"...a man sent from God...John...witness of the Light...believe."
John the baptist. Strange man. From Matthew 3:1-17, Mark 1:1-11, and Luke 3, we obtain the general description of a man who lived quite unlike the others in his generation. He lived in the wilderness, wore camel's hair with a leather belt, and ate locusts and wild honey. His main message was "baptism of repentance for the remission of sins". This is significant. Consider John the baptist, since he was sent from God as a witness of the Light. How was he a witness? Why was he chosen? Is there even a reason he was chosen or did he grow into that role?
Consider the saying from Isaiah 40:3-5. This is the passage whose context is to speak comfort and deliverance to the people of Israel. There is also the very telling statement "The glory of the Lord shall be revealed". And John is the voice of one crying in the wilderness, "Prepare the way...make straight in the desert". Get ready! How many were unaware? How many did not comprehend the light? But more on this in later passages.
The key points in these verses seem to be about the testimony to some facts or revelations about the Light. The Light gives light to every man, the Light was not known by the world, the Light was not received by His own, those who received the Light by believing in His name, are given the right to become children of God. This is an expansion of the earlier verses. From the original idea that the Light shines in the darkness, and the darkness not comprehending, John the author develops the idea of how the Light shines in the darkness.
The Light was in the world. Now, the Maker of the world is in it. Yet He was not recognized, He was not known. This is the tragedy. What has gone wrong that the world does not know its Maker? As a child does not know his or her parents. But John does not stop here, for although the world, His own, did not know Him or receive Him, those who did receive Him received something in return. And here, there is the idea of spiritual birthhood into being a child of God.

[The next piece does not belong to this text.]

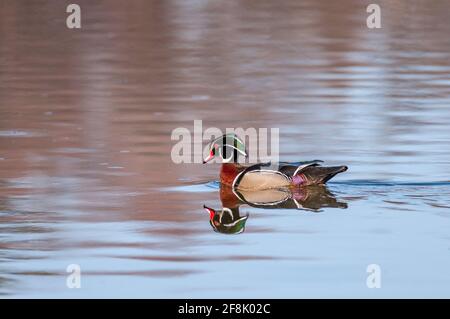 Canard de bois se détendre dans le lac de boue, Ottawa Canada Banque D'Images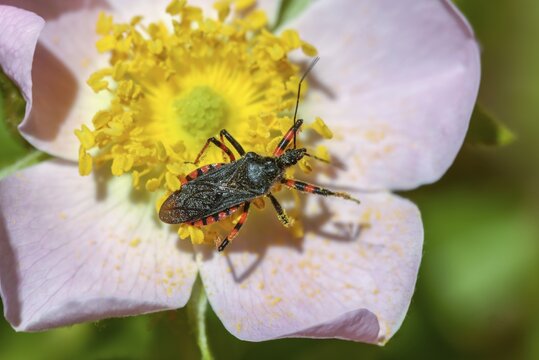 Ringed murder bug, heteroptera, murder bug, Reduviidae, Rhinocoris annulatus, insects, predatory bugs, bedbugs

Now when we talk of spiritual birth, we refer to something fundamental, something to do with souls. For we are not talking about physical bodily birthing, but divine birthing. We are born of God. For all physical births are reflections of what is happening spiritually. A new soul is born. A new being. A new life. However, that life apart from The Life, and The Light, is sadly, because of our ignorance of Him, our lack of knowledge of Him, our non-reception of Him, that life is still just as good as death. For consider its eternal futility apart from The Light.
Yet, the good news is that if that life were to receive Him, then, there is a spiritual birth as well. One by God's own will. Consider the fundamental, qualitative difference that is now in place between these two lives. Is it a continuum? As in are there "better" lives and "worse" ones? Are not all equal? Good or bad? All die. The only distinction then must be what is eternal. Do you know the Eternal One? And, just as importantly, does the Eternal One know you?